Jay White vs Kota Ibushi

Jay White remains 2020 Ric Flair, and he does it all so perfectly. Special shout out to that top rope Uranage, which was sick as fuck. I don’t talk about MOVES here very much, but that is not what I am interested in as far as writing about this shit goes. But exceptions can be made especially when they are so cool as that, which was some top level throw wizardry and reminds you that Jay White has a ridiculously deep toolkit to work from as he invents himself anew with every match. He is quite possibly the best MOVES guy for me right now. Ibushi meanwhile remains a dude who will die in the ring and also a dude who is probably weird as fuck outside it. I mean he gets concussed so regularly but it doesn’t even matter because he is essentially on autopilot most of the time. Where does he go from here? I don’t know, but it will be interesting to see if they put the jetpack on him.


Hiroshi Tanahashi vs Chris Jericho

Chris Jericho is fascinating to me because he was never that big a star, but he has managed to leverage himself into being maybe the top guy in the world wrestling hierarchy. His command of the crowd is about as good as it gets and he’s just still good enough at the MOVES part of it all that it works. It is sorry to see Tanahashi gently prodded down the line, but I still think he can be a dude who holds up his end for a while and be like Fujinami, who looked great at the age of 142 the other night. Anyway, this was two elder wrestle dudes going at it and it was pretty damn good.


Okada vs Naito

They fucking got me with this. I spent the last ten minutes of the match on my feet cheering on Naito, which is how you know they are doing the wrestling well.  Especially because as I said last night that Naito doesn’t really do it for me, but I was all his on this night and it was the right night and time for him, and even if he doesn’t get a long run, it doesn’t matter, because this was his victory, this was him winning the game for himself and I have to commend him for that.
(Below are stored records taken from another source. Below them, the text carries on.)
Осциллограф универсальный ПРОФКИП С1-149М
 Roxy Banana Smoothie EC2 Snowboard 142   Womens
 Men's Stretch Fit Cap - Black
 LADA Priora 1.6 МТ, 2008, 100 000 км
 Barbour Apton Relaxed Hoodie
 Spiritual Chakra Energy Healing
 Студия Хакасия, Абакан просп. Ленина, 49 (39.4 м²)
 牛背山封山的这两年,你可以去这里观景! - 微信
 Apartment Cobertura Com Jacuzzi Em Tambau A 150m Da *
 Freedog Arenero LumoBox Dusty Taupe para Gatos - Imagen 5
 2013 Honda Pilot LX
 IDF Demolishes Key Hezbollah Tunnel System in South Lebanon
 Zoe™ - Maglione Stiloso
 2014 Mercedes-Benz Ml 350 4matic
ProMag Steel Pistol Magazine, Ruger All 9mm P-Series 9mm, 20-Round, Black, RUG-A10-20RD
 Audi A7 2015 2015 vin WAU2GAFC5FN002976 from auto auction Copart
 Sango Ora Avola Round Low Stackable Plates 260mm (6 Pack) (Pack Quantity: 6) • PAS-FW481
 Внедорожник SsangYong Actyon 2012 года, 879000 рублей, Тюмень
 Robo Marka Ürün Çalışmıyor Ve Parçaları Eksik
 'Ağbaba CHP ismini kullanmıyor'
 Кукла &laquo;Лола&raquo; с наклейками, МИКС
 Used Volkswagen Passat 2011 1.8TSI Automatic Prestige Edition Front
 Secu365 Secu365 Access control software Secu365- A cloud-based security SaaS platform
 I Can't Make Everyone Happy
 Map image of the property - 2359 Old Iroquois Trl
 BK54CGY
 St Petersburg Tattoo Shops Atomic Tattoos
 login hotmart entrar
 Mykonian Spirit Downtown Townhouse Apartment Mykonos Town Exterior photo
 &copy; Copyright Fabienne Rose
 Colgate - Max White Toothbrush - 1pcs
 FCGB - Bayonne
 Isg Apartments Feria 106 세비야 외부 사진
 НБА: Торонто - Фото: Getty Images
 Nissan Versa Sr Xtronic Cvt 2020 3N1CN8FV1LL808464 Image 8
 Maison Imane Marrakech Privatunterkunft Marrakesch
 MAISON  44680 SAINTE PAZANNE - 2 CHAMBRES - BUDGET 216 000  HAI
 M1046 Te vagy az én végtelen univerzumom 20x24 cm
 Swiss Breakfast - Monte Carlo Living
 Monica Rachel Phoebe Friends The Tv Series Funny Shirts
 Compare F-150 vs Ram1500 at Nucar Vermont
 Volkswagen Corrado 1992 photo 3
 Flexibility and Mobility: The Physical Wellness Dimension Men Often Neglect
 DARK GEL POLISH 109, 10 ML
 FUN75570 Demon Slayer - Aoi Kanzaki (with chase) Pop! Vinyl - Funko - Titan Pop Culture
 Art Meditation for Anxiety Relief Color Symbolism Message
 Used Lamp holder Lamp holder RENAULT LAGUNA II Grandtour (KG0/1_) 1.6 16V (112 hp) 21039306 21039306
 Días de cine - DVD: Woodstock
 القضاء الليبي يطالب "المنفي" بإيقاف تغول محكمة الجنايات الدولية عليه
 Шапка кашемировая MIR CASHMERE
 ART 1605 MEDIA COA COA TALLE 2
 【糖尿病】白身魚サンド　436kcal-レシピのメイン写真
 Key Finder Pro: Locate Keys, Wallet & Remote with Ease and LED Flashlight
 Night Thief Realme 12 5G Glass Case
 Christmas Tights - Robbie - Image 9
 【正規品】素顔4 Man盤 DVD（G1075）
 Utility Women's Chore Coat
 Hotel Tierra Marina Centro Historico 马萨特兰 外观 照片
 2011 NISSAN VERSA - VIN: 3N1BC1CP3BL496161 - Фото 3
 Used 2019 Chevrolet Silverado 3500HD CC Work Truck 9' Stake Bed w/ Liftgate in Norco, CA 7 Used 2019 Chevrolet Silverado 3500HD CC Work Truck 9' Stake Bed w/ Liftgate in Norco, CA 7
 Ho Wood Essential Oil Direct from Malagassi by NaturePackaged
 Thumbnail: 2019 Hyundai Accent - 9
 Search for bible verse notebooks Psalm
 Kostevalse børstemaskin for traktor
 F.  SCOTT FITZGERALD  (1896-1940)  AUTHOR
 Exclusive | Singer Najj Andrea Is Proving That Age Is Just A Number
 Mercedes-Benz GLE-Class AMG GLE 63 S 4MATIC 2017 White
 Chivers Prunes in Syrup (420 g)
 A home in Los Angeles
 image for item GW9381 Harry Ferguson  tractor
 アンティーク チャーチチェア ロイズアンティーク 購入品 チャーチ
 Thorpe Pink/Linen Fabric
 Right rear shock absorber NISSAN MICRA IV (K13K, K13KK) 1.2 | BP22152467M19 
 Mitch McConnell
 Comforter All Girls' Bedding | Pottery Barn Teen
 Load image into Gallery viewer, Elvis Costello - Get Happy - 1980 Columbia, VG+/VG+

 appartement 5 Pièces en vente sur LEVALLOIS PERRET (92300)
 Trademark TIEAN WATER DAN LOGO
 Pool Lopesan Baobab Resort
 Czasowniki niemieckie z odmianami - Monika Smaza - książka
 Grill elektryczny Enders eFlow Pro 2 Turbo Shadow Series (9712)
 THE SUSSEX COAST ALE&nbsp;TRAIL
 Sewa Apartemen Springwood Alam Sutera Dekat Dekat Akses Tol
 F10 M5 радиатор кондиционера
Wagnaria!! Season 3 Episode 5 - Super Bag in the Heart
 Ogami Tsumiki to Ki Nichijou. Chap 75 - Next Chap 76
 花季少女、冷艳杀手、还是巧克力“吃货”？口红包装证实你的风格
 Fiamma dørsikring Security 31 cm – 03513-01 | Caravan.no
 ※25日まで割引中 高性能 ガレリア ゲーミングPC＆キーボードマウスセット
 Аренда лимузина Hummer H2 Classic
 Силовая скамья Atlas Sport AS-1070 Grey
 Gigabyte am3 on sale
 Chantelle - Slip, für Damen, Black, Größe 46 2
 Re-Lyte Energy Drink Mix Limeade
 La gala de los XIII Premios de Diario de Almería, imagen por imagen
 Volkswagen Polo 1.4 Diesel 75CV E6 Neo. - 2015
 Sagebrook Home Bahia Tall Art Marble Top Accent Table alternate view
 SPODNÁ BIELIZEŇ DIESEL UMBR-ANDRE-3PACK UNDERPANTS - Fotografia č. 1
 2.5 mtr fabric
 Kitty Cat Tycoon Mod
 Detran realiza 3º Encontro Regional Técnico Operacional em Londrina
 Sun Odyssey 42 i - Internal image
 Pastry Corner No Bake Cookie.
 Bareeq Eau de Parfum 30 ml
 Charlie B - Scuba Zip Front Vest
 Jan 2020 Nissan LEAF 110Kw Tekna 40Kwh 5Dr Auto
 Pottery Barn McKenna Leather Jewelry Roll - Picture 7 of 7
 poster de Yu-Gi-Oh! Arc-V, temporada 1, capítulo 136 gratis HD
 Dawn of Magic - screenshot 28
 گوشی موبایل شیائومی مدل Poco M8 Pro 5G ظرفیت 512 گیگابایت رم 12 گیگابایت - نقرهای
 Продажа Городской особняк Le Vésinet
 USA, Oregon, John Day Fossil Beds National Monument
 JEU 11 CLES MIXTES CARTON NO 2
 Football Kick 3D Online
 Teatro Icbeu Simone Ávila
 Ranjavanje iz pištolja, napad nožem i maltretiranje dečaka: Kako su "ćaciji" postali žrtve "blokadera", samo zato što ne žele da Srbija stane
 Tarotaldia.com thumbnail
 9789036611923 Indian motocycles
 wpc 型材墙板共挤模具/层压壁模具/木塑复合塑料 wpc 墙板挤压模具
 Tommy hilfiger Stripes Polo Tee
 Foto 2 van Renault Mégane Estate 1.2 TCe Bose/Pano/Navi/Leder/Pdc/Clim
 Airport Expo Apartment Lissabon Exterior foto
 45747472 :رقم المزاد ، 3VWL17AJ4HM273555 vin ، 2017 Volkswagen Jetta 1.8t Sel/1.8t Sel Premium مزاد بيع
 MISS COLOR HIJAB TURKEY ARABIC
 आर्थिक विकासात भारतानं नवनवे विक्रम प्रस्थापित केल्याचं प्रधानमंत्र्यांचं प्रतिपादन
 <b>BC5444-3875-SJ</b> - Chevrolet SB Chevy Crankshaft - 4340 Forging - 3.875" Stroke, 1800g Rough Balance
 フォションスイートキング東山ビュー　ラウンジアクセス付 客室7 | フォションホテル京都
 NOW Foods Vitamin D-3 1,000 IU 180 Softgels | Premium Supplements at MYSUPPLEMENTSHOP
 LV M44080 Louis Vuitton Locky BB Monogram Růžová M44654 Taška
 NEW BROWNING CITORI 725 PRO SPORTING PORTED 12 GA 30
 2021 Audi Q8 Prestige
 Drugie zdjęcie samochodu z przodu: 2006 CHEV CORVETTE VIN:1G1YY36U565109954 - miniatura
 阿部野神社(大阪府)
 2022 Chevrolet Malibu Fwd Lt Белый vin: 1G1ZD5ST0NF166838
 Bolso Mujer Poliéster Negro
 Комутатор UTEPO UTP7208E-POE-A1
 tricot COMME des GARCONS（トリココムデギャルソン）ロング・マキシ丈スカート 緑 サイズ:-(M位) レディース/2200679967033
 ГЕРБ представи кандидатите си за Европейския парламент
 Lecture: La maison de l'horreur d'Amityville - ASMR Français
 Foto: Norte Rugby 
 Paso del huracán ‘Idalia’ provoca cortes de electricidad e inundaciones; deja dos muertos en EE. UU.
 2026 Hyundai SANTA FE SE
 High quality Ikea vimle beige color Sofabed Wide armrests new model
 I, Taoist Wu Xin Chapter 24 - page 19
After all was said and done and KENTA running wild as the big villain, I was totally satisfied of this thing, this fusion of sport and theater, in a way that doesn’t happen anywhere else really. Okada’s part in it was note perfect as per usual, and he will always be The Guy, but this was Naito’s night and it was fun as hell and it was what had to happen. And that’s how you make a Wrestle Kingdom.